| Consolidation time
Seoul, Nov. 26 (Reuters): South Korea’s Hynix Semiconductor is set to sign a preliminary deal to sell non-core assets it has valued at around $600 million to a fund at Citigroup within a month, a source close to the talks said on Wednesday.
Hynix, the world’s third-largest maker of memory chips, has been in talks with the fund and two other investors over the sale of its system integrated circuit (IC) operations, which generate one fifth of its annual revenues, in order to raise cash for investment in its bread-and-butter memory chips.
The IC operations are divided into a contract chip making unit and a second division that makes chips for displays and optical image sensors for digital cameras and camera phones.
“The two (Citigroup and Hynix) are making big progress in the negotiations to sign a legally binding memorandum of understanding by the end of this year,” a source close to the talks told Reuters.

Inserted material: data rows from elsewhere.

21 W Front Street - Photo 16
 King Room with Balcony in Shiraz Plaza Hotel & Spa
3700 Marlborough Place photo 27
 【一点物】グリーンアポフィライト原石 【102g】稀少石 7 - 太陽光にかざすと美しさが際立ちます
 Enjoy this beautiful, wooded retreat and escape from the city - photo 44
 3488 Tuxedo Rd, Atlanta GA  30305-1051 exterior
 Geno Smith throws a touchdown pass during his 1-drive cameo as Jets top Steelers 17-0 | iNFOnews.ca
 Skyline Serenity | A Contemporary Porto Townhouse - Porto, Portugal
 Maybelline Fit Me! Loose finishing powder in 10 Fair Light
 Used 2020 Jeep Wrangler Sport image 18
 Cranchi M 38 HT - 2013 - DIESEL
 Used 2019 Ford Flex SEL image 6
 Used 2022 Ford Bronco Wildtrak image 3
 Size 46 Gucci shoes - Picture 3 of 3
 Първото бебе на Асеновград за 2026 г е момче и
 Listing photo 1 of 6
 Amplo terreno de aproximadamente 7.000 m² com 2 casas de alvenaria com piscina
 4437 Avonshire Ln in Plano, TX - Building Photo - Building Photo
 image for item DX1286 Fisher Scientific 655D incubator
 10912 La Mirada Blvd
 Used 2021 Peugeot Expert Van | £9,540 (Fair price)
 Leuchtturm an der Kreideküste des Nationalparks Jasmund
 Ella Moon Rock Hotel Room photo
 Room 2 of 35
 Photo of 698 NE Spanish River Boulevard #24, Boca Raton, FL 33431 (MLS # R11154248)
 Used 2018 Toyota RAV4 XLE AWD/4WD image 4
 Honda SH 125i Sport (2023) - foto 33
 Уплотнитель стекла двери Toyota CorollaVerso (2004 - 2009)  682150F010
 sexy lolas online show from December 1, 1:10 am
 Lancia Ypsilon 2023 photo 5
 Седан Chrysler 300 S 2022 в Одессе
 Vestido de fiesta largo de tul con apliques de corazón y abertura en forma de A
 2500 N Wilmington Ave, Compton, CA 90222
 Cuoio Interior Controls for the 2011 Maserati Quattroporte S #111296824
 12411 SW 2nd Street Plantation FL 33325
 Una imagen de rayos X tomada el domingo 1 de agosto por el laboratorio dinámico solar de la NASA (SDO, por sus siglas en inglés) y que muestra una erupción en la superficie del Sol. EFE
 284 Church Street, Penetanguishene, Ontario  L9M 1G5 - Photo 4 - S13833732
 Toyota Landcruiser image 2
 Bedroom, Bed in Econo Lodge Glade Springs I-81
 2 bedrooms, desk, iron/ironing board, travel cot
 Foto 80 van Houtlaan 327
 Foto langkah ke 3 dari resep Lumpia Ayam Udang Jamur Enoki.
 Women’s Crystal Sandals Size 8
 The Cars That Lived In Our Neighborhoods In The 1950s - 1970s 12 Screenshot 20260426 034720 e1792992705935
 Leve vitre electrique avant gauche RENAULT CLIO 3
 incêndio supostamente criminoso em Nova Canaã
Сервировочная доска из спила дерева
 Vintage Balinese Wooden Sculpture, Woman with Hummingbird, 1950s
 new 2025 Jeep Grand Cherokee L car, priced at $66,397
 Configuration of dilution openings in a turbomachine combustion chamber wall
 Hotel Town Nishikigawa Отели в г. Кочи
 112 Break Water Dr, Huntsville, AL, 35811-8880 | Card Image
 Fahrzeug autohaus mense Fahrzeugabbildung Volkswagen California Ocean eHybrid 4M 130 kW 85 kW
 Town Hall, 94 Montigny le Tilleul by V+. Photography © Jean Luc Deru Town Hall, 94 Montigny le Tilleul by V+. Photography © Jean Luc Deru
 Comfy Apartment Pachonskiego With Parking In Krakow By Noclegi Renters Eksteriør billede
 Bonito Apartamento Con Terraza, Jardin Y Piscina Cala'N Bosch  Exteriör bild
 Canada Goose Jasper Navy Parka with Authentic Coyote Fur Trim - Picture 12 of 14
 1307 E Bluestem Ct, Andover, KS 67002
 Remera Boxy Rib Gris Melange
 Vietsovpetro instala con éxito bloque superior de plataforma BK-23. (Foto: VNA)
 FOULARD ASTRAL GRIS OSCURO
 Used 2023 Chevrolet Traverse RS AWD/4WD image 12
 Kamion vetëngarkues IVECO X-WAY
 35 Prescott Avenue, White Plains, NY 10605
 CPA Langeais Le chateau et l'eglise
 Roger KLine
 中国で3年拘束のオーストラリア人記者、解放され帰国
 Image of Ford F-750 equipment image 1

“The agreement is likely to be made in December...and if the deal is signed, it would give Citi an exclusive right for negotiations and may also include details such as negotiation schedules, pricing ranges and valuation methods,” the source said.
The contract chip making unit competes with Taiwan Semiconductor Manufacturing Co Ltd and United Micro Electronics Corp while the other unit goes up against local rival Samsung Electronics Co Ltd and Japan’s Seiko-Epson Corp.
The source said the Citigroup fund wanted to sell the Hynix unit to a third party at a profit, but declined to comment on whether the two other potential buyers were investment funds or chip manufacturers.
Hynix shares jumped 9.3 per cent to 6,710 won as investors bet the asset sale would help boost its capital investment. The benchmark Korea Composite Stock Price Index was up 1.9 per cent at 782.72.
Hynix recently recorded its first profit in six quarters, helped by rising demand for chips used in computers and game machines ahead of the Christmas holiday season.
But the cash-strapped chip maker needs asset sales to finance technology upgrades to remain competitive as it has lagged its rivals in investment terms since 2001.